Write back every entry exactly as it reads, with the pictures left behind.
[SOURCE MATERIAL — start]
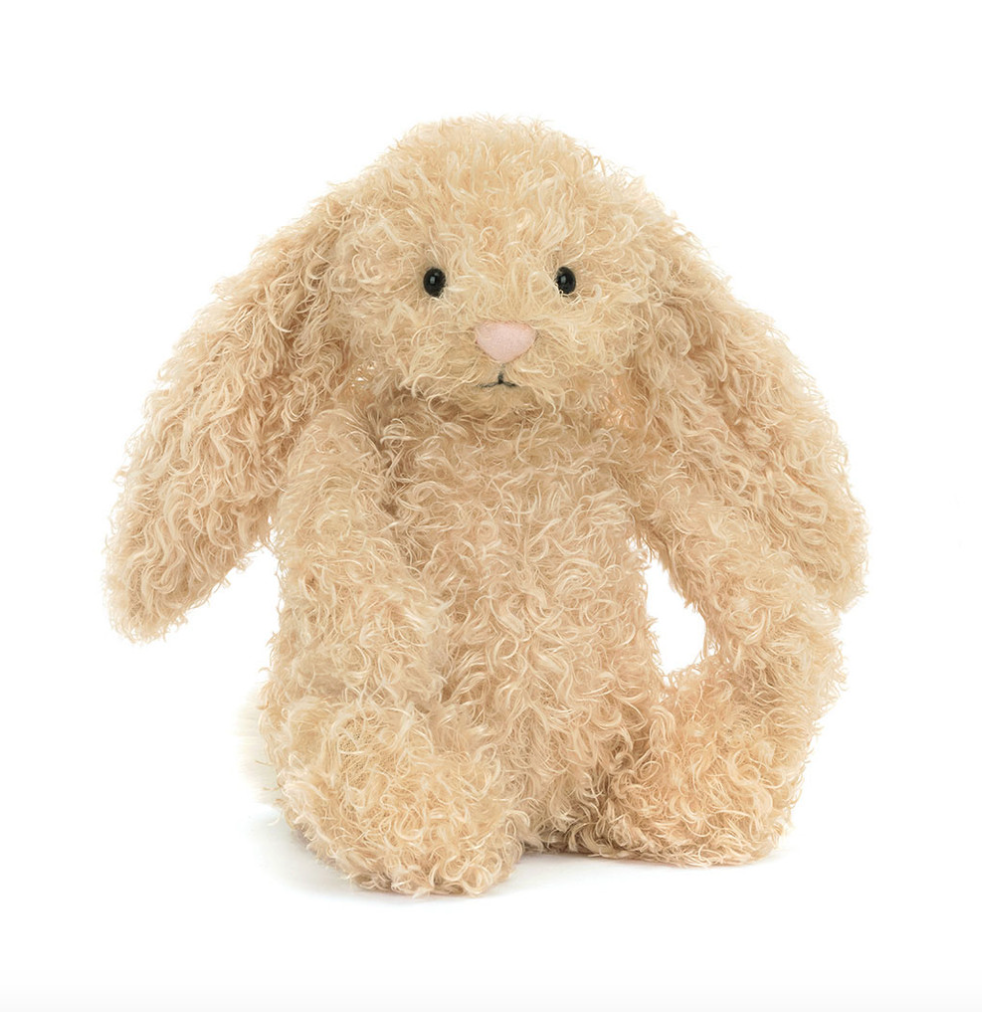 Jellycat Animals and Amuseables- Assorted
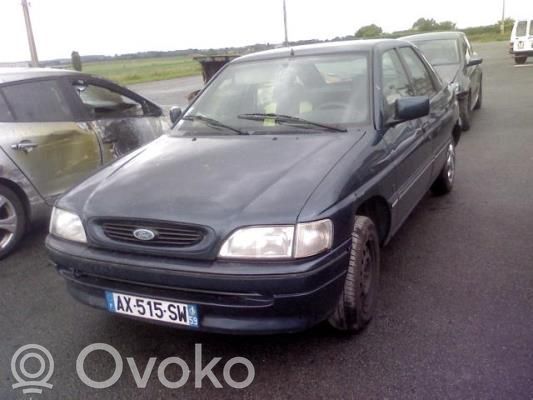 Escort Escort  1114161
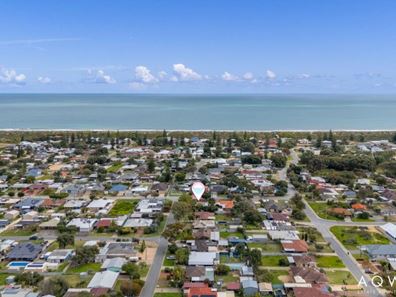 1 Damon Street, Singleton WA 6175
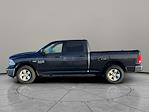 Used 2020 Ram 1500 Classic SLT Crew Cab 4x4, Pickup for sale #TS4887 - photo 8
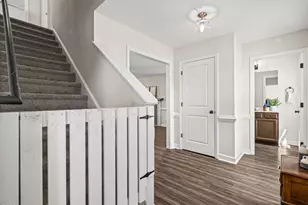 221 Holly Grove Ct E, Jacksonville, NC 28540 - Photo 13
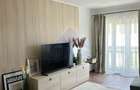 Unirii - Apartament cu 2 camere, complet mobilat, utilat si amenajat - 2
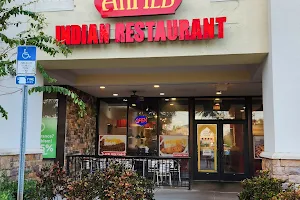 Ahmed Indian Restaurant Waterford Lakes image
[SOURCE MATERIAL — finish]
_REPLY TO THE TASK_.
 Jellycat Animals and Amuseables- Assorted
 Escort Escort  1114161
 1 Damon Street, Singleton WA 6175
 Used 2020 Ram 1500 Classic SLT Crew Cab 4x4, Pickup for sale #TS4887 - photo 8
 221 Holly Grove Ct E, Jacksonville, NC 28540 - Photo 13
 Unirii - Apartament cu 2 camere, complet mobilat, utilat si amenajat - 2
 Ahmed Indian Restaurant Waterford Lakes image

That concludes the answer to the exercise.